Senior Disaster Risk Management Specialist for the bank in Malawi Francis Nkoka told Zodiak Online that the development of the report will be done in a space of one year to help in managing climate change risks in the country while advancing development projects.
“We want to do thorough investigations in terms of development efforts and how they are affected by climate changes. So the idea is to identify areas in Malawi where we need to focus for all our development efforts to meet the objectives,” he explained.
The bank has for years been supporting development projects in Malawi in various sectors including strengthening institutions of climate change and legal framework to mitigate climate change shocks.
“What we are doing more is to make sure that the country is more resilient and more prepared for future disasters and other risks,” he added.
He said there is a need for bold actions and massive investment across key economic sectors in addressing climate change needs and managing the risks in Malawi.
According to the World Bank, Malawi is ranked among the most vulnerable countries to climate change shocks on position 161 out of 181 in the ND-Global Adaptation Initiative Index.
As leaders and delegates across the world will be meeting in Scotland for the UN Climate Change Conference of the Parties (COP 26), climate justice advocates are pushing for a commitment on financial contributions towards climate financing to help poor countries like Malawi mitigate climate change shocks.

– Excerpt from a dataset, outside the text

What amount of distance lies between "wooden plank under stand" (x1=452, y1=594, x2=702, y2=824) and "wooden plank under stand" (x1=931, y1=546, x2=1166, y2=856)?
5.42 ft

Association of Environmental Journalists in Malawi president, Mathews Malawi feels COP26 must be different from the past conferences as far as a commitment of leaders is concerned on the 100 billion pledge to support climate change adaptation annually.
“COP26 must deliver; we are tired of the same stories. We need to make progress because our people are suffering. Agriculture production is going down and nothing is really working the way we would have loved exposing the poor to perennial food crisis especially in Africa,” said Malata.
Beyond the 100-billion-kwacha commitment, the youth in Malawi are also pressing for their meaningful participation in the planning to implementation of initiatives aimed at mitigating the effects of climate change as they are among the most affected by climate change shocks.
COP26 summit is scheduled to run from 31 October - 12 November in Glasgow, Scotland.